Water farming is enabling agricultural landowners in the St. Lucie River basin to offer water-storage services. Together, these projects are providing services of groundwater recharge and water supply, reduced nutrient discharges and enhanced biodiversity. It also keeps the lands on the tax roll and helps sustain the rural economies.

NEXT STEPS

While there’s still much work to be done, it is clear momentum is moving forward to establish markets for ecosystem services for growers. Water projects and solar farms already are examples of farmers/landowners offering up their property for paid environmental purposes.

The federal government also is all in. Late last year, the U.S. Department of Agriculture announced $2.8 billion in funding for 70 projects under the first pool of Partnerships for Climate-Smart Commodities.

Not everyone is fully onboard. Some argue that agriculture should not get too caught up in ecosystem services when global food security is at risk. Others caution it could potentially turn into a boondoggle ripe for squandering taxpayer money. Shea argues it’s not a matter of producing either food or ecosystem services. “We are doing both,” he says.

Florida’s sensitive ecosystems benefit from the green spaces that farms provide and will become increasingly important as more people move to the state. With data to prove these services work, Angle says growers rightly deserve to be rewarded. They have been doing many of these practices for many years already in the normal course of farming.

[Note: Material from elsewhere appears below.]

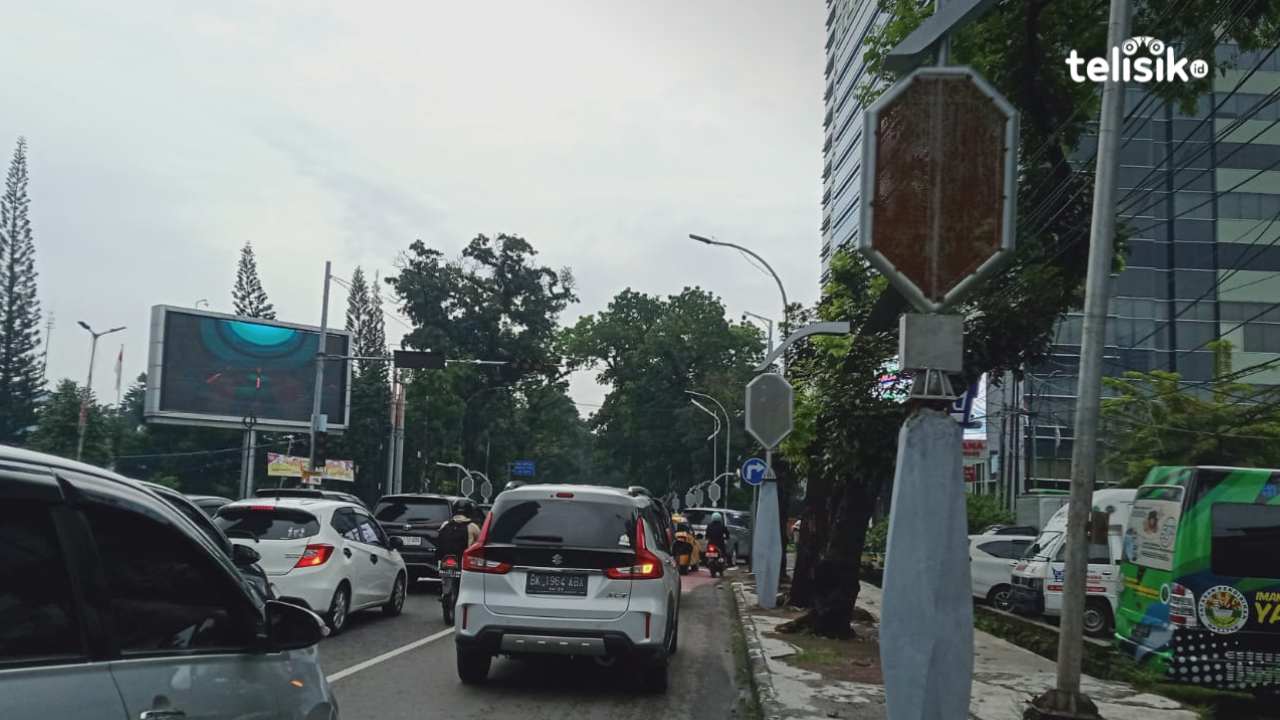 LBH dan DPRD Sorot Proyek Lampu Jalan Mirip Pocong di Kota Medan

“Ultimately, I hope citrus and specialty crop growers will benefit from public support for the uncompensated work they’ve long been doing. This could mean direct payments, but there are other ways to incentivize growers that our public policy experts can design,” Angle says. “Carbon sequestration, habitat enhancement for wildlife (and flora), water quality improvement and soil health are all golden opportunities for the Florida farmer.”